The reason is big cities operate under union control. Union members tend to live in these cities. They are rewarded with vastly supra-competitive (overpriced) wages in exchange for which they pay hefty union dues. These dues flow to politicians who pressure big businesses to pay extortionate wage rates in exchange for barriers to competition. So a big employer in Chicago’s Loop will have to pay enormous labor costs, $30-70/hour for contractors plus generous benefits, but the City will steer contracts to that company. Additionally, sky-high labor costs keep out competitors. So big landlords and big construction firms and big hotel chains and big restaurant chains tend to dominate the downtown market. We consumers lose at every turn.
So I was compelled to hire a union mover on the “approved list” maintained by my new building at a cost of $1200, an act of extortion. In labor law terms I was the victim of a “secondary boycott,” the threat of a work stoppage by the building employees. Labor law allows employees to boycott or strike their own employer but not anyone else. They can’t take action against me in order to coerce me to keep non-union contractors out of the building. This is an “unfair labor practice” under the National Labor Relations Act (and it’s also an antitrust violation if done with the approval of the employer, here the building, which it was).

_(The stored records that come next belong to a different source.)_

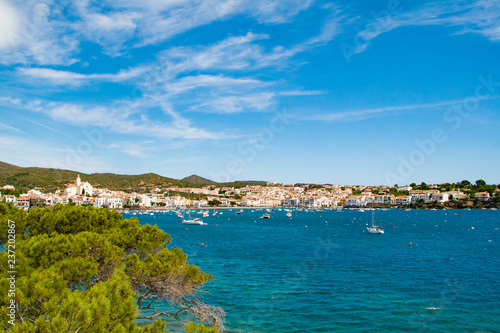 Fototapeta Naklejka Na Ścianę i Meble -  Sea landscape with Cadaques, Catalonia, Spain near of Barcelona. Scenic old town with nice beach and clear blue water in bay. Famous tourist destination in Costa Brava with Salvador Dali landmark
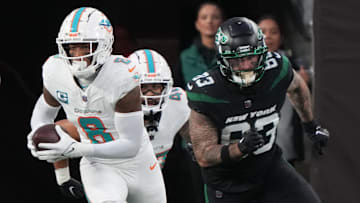 Jevon Holland of Miami returned this interception for a 100 yard TD in the first half as the Miami Dolphins defeated the NY Jets 34-13 at MetLife Stadium on November 24, 2023 in East Rutherford, NJ to play in the first Black Friday NFL game.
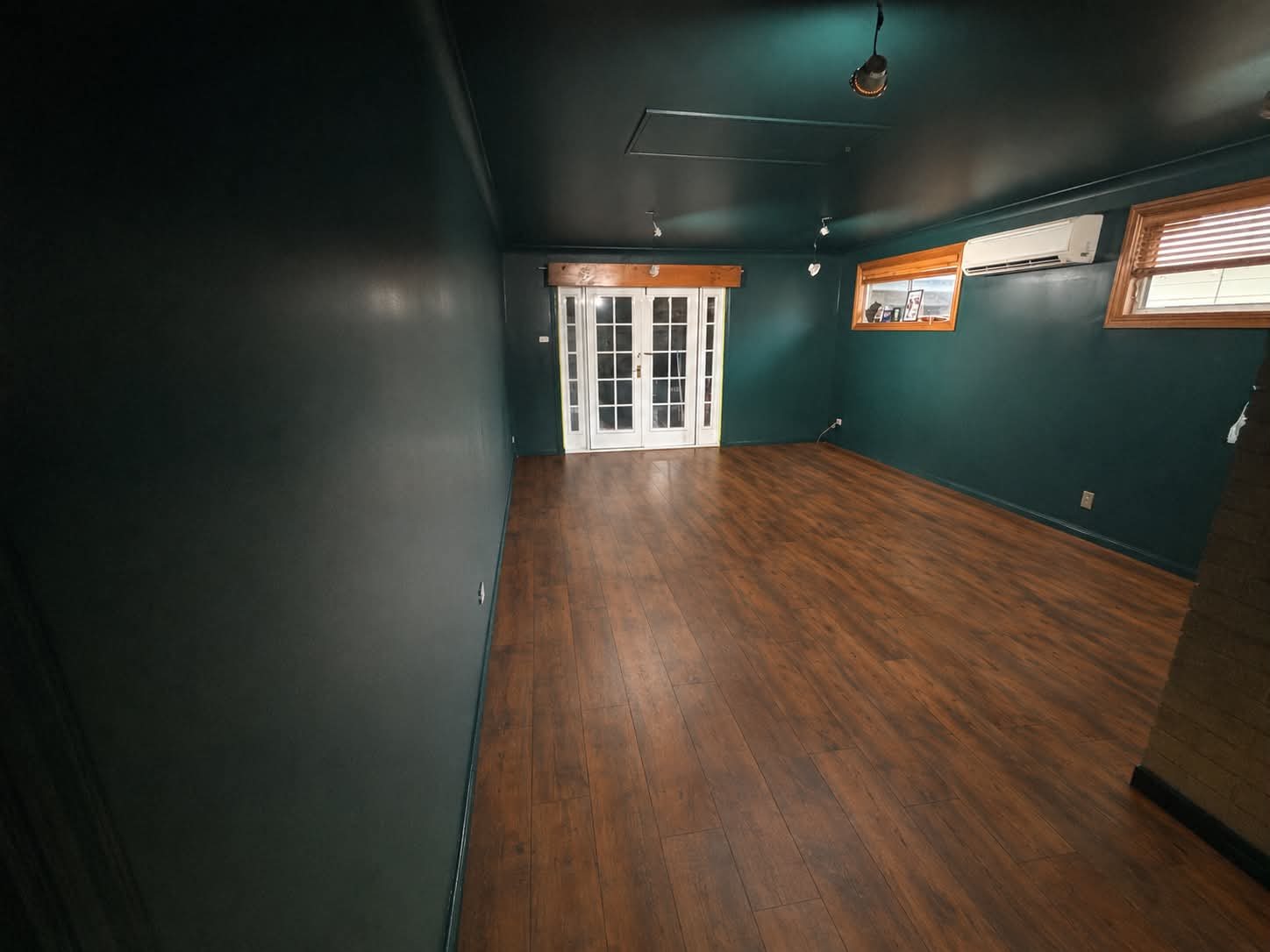 Deep green feature room repainted by Hughesys Painting Newcastle, photo posted with a 5-star Google review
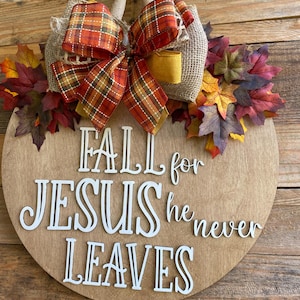 May include: A round wooden sign with the text "FALL for JESUS he never LEAVES" in white letters. The sign is decorated with a burlap bow, a plaid ribbon, and fall leaves.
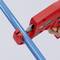 Hand uses a portable, red padlock to secure a blue pipe; a safety precaution to prevent unintended opening.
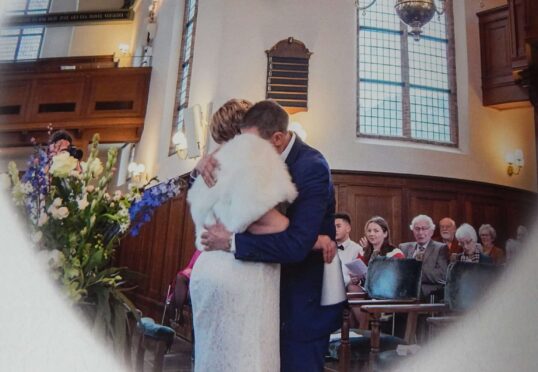 Een bruid en bruidegom, bijeengebracht door een matchmaking-datingbureau, delen een omhelzing in een hartvormige omlijsting in een kerk. De bruid draagt een witte jurk en een bontstola, terwijl de bruidegom een blauw pak draagt. Gasten zitten op de achtergrond, samen met bloemen en houten lambrisering aan de muren.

But the only remedy Congress provided for such a violation is a federal suit for money damages. So I could sue the union for $700 in federal court. But no rational litigant would sue for such a small sum even if the prospect of an award of attorney’s fees is promised to the winner, which the law provides to the victims of unfair labor practices. A more appropriate remedy would be a quick action for an injunction prohibiting the union and my building from excluding the non-union mover before my move so the damages could have been avoided. But the law does not provide for injunctions in such cases.
What happened to me is not unique to Chicago. Unions dominate virtually every construction job in every major city in the North and the West. (The South, which has historically been anti-union, is more competitive.) Union labor is significantly more expensive than non-union labor. Non-union workers would do the same jobs just as well (although the unions dispute this), for at least 30% less. One unintended consequence is that the unionized contractors will by necessity hire fewer workers, thereby increasing unemployment.
Let's hope Mitt Romney will become president and propose long-needed labor law reform. Quicker relief from secondary boycotts by unions and their management collaborators (like my building) is long overdue. Ideally, the National Labor Relations Board should be able to hear such cases and issue injunctions against such boycotts, which are already illegal, before the damage is done, in a matter of a few weeks.
And in the case of a someone with a big construction job, the damages, the difference between union and non-union wages, can be enormous. Secondly, we need to repeal the Davis-Bacon Act, which requires the federal government to pay union wages for construction projects. The result is that federal highway and construction jobs always go to unionized employers. This costs the taxpayers billions of dollars per year. If our high level of unemployment and low growth persist into 2013, and a Republican is elected president (presumably Romney), then there will be propitious time for labor law reform.